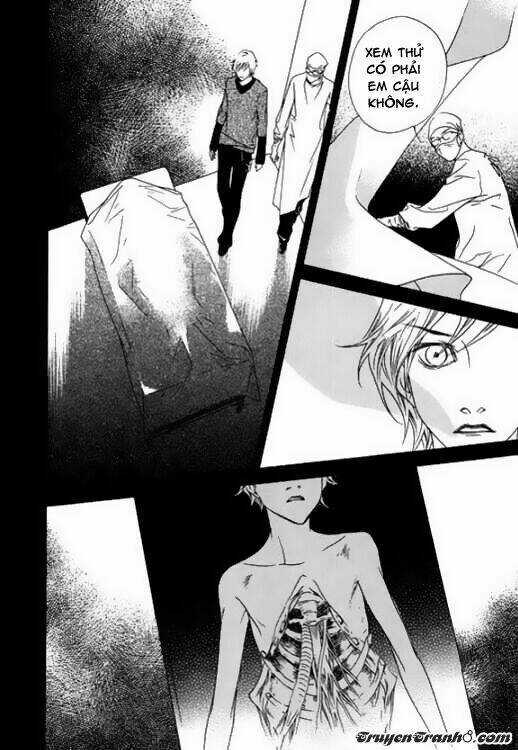 Bông Hoa Của Tội Lỗi Chapter 21 trang 5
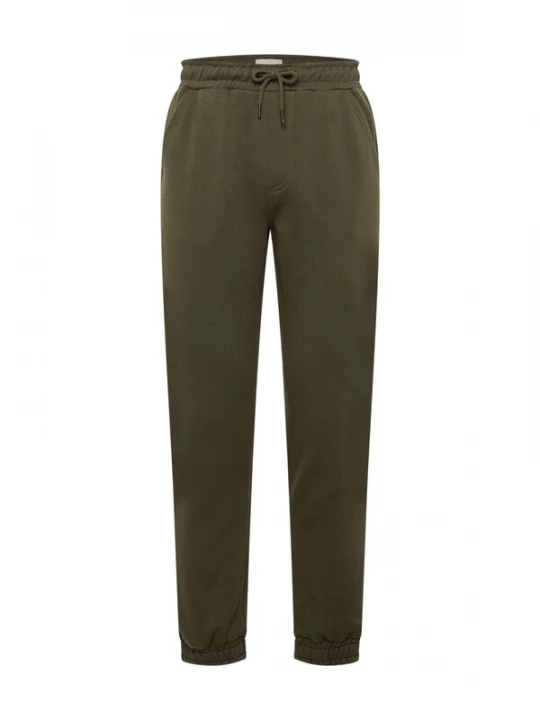 Foto van product BLEND Broek 'BHDownton' donkergroen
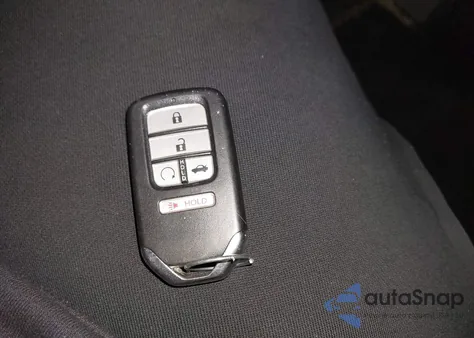 2018 Honda Accord Ex-L z USA, uszkodzony, nr VIN 1HGCV1F54JA031742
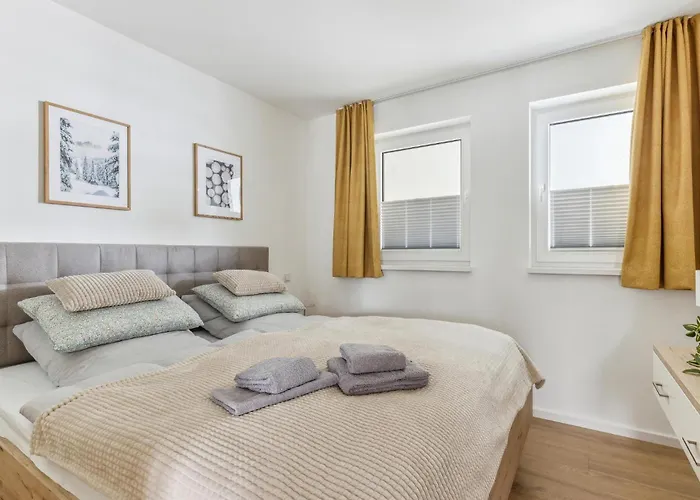 Appartement Gebirgsresort 123 *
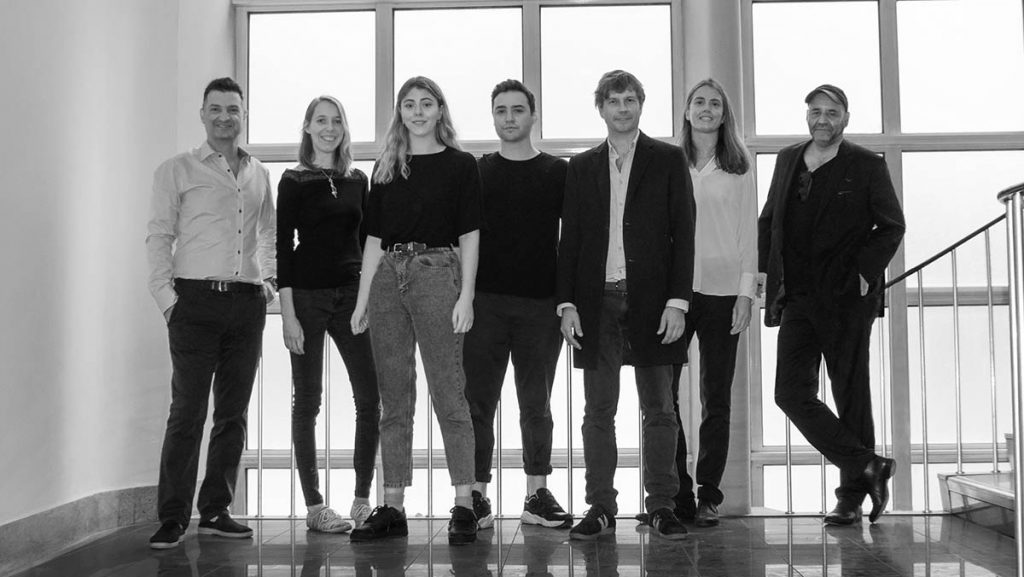 Parallel Vienna 2020 - Art Fair Team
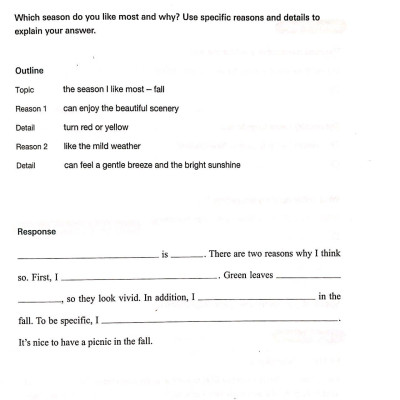 TOEFL iBT Activator Speaking Intermediate (Kèm CD)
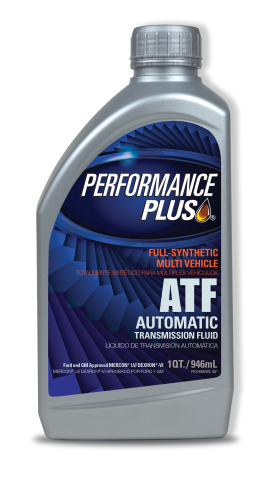 Performance Plus Fluid - Full Synth ATF MLTI VHCL ea/1 lt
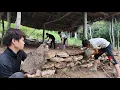 Download Lagu make stone steps, level the ground to complete the dream house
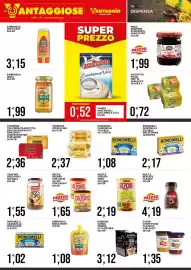 Volantino Vantaggio Cash&Carry Pagina 22: Borbone crema fredda di caffè brik €3,12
========
◆ Required action
Everything in the records goes into your answer exactly, except the pictures.

◆ Response area
 Bông Hoa Của Tội Lỗi Chapter 21 trang 5
 Foto van product BLEND Broek 'BHDownton' donkergroen
 2018 Honda Accord Ex-L z USA, uszkodzony, nr VIN 1HGCV1F54JA031742
 Appartement Gebirgsresort 123 *
 Parallel Vienna 2020 - Art Fair Team
 TOEFL iBT Activator Speaking Intermediate (Kèm CD)
 Performance Plus Fluid - Full Synth ATF MLTI VHCL ea/1 lt
 Download Lagu make stone steps, level the ground to complete the dream house
 Volantino Vantaggio Cash&Carry Pagina 22: Borbone crema fredda di caffè brik €3,12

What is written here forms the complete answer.